The input of the Net is

t = torch.linspace(0.0125,1,80).view(80,1).repeat(5,40,1,1)
t.requires_grad = True
tsize = t.size()
u = torch.rand(tsize[0],tsize[2],20)

Then I want to calculate the derivative of the output of Net with respect to t. There are 2 ways to implement it.

One is the torch.autograd.grad, the other is calculating it numerically by torch.gradient.
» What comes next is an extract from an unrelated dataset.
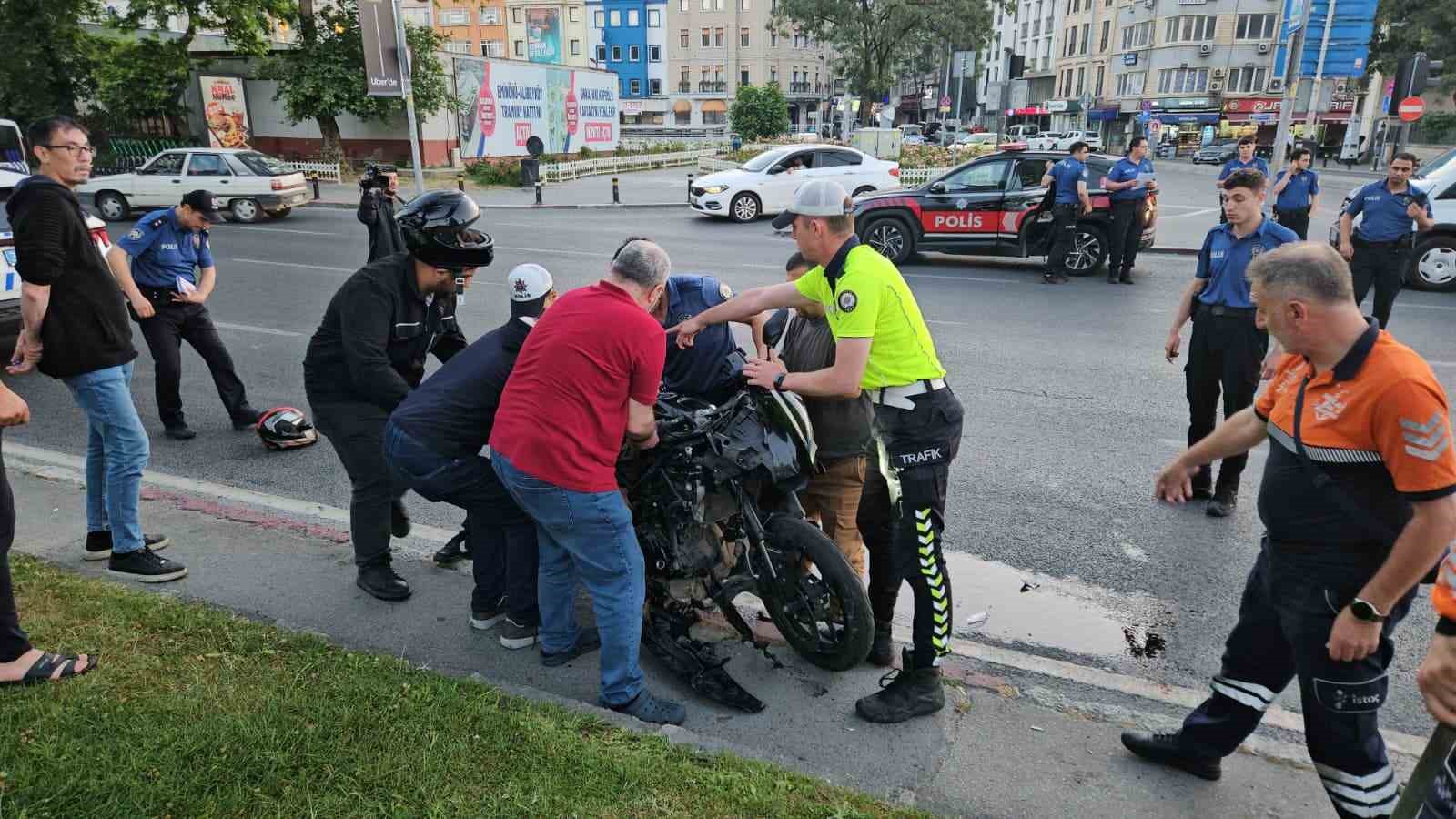 Fatih’te 3 motosiklet birbirine girdi: 1’i ağır 5 yaralı 4 fatihte 3 motosiklet birbirine girdi 1i agir 5 yarali 0 rrXpwaQU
model = Net(dim=[1,100,20])
test = model(u,t)
Grad_auto = torch.autograd.grad(test[:,0,:,0],t,retain_graph=True,grad_outputs=torch.ones_like(test[:,0,:,0]))[0][0,0,:,0]
Grad_Num = torch.gradient(test[:,0,:,0],spacing=0.0125, edge_order=2, dim=1)[0][0,:]

The results of Grad_Num and Grad_auto are different. Is there anyone having similar situation? Any comment or help is appreciated!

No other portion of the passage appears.